To capitalize on this opportunity, teams are looking for analysts to find the insights they need. For example, the Baltimore Ravens have hired two analysts: Sandy Weil, who studies game trends and helps with scouting decisions; and Eugene Shen, who works with the coaching staff to evaluate player performance.
Teams use analytics in scouting operations for draft and free agency decisions, as well as to improve player health (every team in the league uses an electronic health record that can be accessed by on-field personnel via tablets), a crucial consideration for a sport with a concussion epidemic. Some organizations have even advanced to using predictive and prescriptive analytics to enhance their game strategies.
Advances in Soccer, but Skepticism Remains
Soccer has proved to be a particularly difficult game to analyze. It combines the free-flowing nature of a sport like basketball with the same number of players as football (11) and a field of roughly the same size.

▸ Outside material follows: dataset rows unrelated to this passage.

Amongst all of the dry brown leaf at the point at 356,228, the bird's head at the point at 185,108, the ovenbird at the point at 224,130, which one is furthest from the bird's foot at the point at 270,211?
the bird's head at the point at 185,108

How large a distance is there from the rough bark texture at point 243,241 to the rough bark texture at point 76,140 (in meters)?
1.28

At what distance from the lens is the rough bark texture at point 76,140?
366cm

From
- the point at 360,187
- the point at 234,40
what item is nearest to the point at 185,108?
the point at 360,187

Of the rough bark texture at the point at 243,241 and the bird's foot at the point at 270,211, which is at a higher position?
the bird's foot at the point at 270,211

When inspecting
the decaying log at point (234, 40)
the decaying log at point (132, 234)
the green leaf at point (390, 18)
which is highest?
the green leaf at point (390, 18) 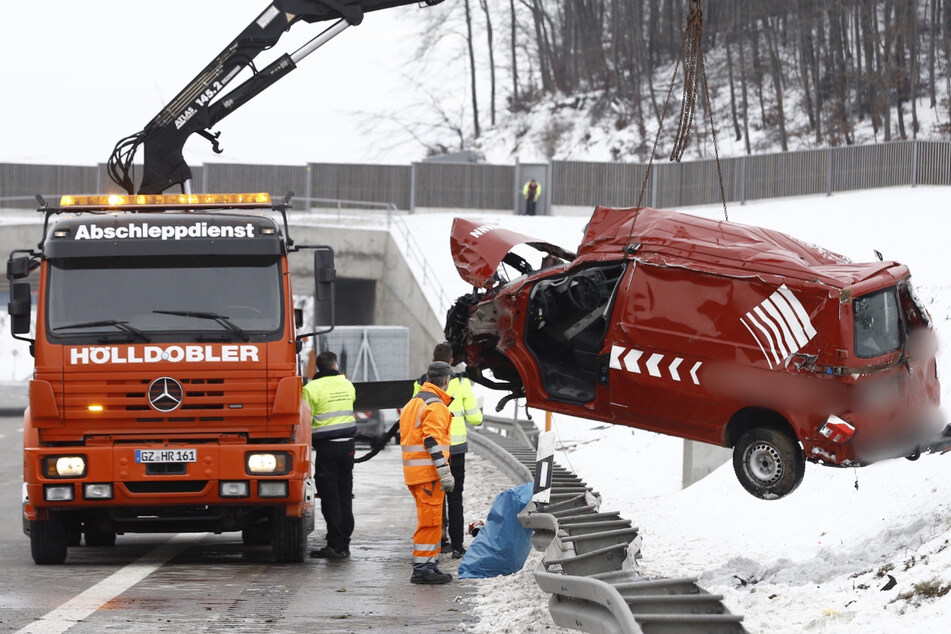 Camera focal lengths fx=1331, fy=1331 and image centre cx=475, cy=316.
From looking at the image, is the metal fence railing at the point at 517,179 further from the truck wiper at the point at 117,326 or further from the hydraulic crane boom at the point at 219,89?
the truck wiper at the point at 117,326

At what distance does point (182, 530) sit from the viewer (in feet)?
39.2

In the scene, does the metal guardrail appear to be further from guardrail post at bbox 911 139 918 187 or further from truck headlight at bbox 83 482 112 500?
guardrail post at bbox 911 139 918 187

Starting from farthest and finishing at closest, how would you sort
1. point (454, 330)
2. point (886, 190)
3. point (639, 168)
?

Early soccer analytics focused on statistics such as passing percentage and shooting efficiency, but teams in leagues such as the MLS now analyze player movement and action away from the ball. These data are used to create algorithms to improve individual and team behavior, as well as substitution patterns. The success of those efforts is helping the practice catch on: A few years ago, the MLS launched a data and sports science subcommittee, with representatives from every team.
Still, data analytics efforts face skepticism from influential corners in soccer. Former U.S. National Team Coach Bruce Arena, who has won five NCAA titles and five MLS Cups, said, “Analytics in soccer doesn’t mean a whole lot. Analytics and statistics are used for people who don’t know how to analyze the game. This isn’t baseball or football or basketball. We have a very important analytic, and that’s the score. That distorts all the other statistics.”